The cost-benefit analysis, Mr. Lachica said in a Viber message, would help establish the viability of the standard set in 2016. 

Trade Secretary Ramon M. Lopez said at the same meeting that he is in talks with the DENR on the issue. 

“We are just waiting for their response. We are helping you on that one,” he said. 

DENR through its Laguna Lake Development Authority unit recently issued cease and desist orders to several departments for releasing wastewater into Manila Bay. 

The Department of Public Works and Highways (DPWH), the Cultural Center of the Philippines (CCP) and the Philippine Navy were all found to have failed to meet the effluent standards after water inspections at the bay. 

The electronics exports industry is retaining its 7% growth target for 2021, SEIPI Chairman Glenn Everett said. 

Meralco rates seen to increase in June

PHILIPPINE STAR/MICHAEL VARCAS

Manila Electric Co. (Meralco) customers are likely to see a rise in their electric power bills in June, following a surge in spot market prices, an official from the firm said on Friday. 

 “Based on early, initial projections, there may be an upward pressure on the generation charge for the month of June 2021 due to observed increase in WESM (wholesale electricity spot market) prices,” Meralco Vice President and Head of Corporate Communications Joe R. Zaldarriaga said in a statement shared on Viber on Friday. 

He was referring to the spike in power prices in the WESM this month. The market operator previously reported that average spot market price more than doubled in May, reaching P7.72 per kilowatt hour (kWh) from P3.85 in April due to a surge in demand and supply disruptions. 

“WESM prices were persistently high for extended periods triggering the secondary price cap on May 4-7 and 20-22,” Mr. Zaldarriaga said. 

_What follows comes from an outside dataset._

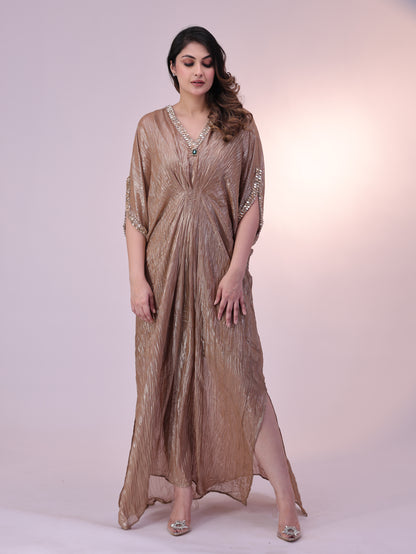 Golden Goddess Kaftaan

A secondary price cap is price-mitigating mechanism which limits high market prices. 

The Meralco executive also noted the rise in temperatures and economic activity, explaining that the Luzon grid hit a new peak of over 11,500 MW this month.  

“Average capacity on outage remained at the 3,000 MW level and the grid was placed on Yellow Alert on May 5, due to insufficient operating reserves,” he said.  

A yellow alert is issued when reserves fall below ideal levels. This is downgraded to a red alert, which brings the possibility of power interruptions, when the supply situation worsens. 

Meralco’s controlling shareholder, Beacon Electric Asset Holdings, Inc., is partly owned by PLDT, Inc. Hastings Holdings, Inc., a unit of PLDT Beneficial Trust Fund subsidiary MediaQuest Holdings, Inc., has an interest in BusinessWorld through the Philippine Star Group, which it controls.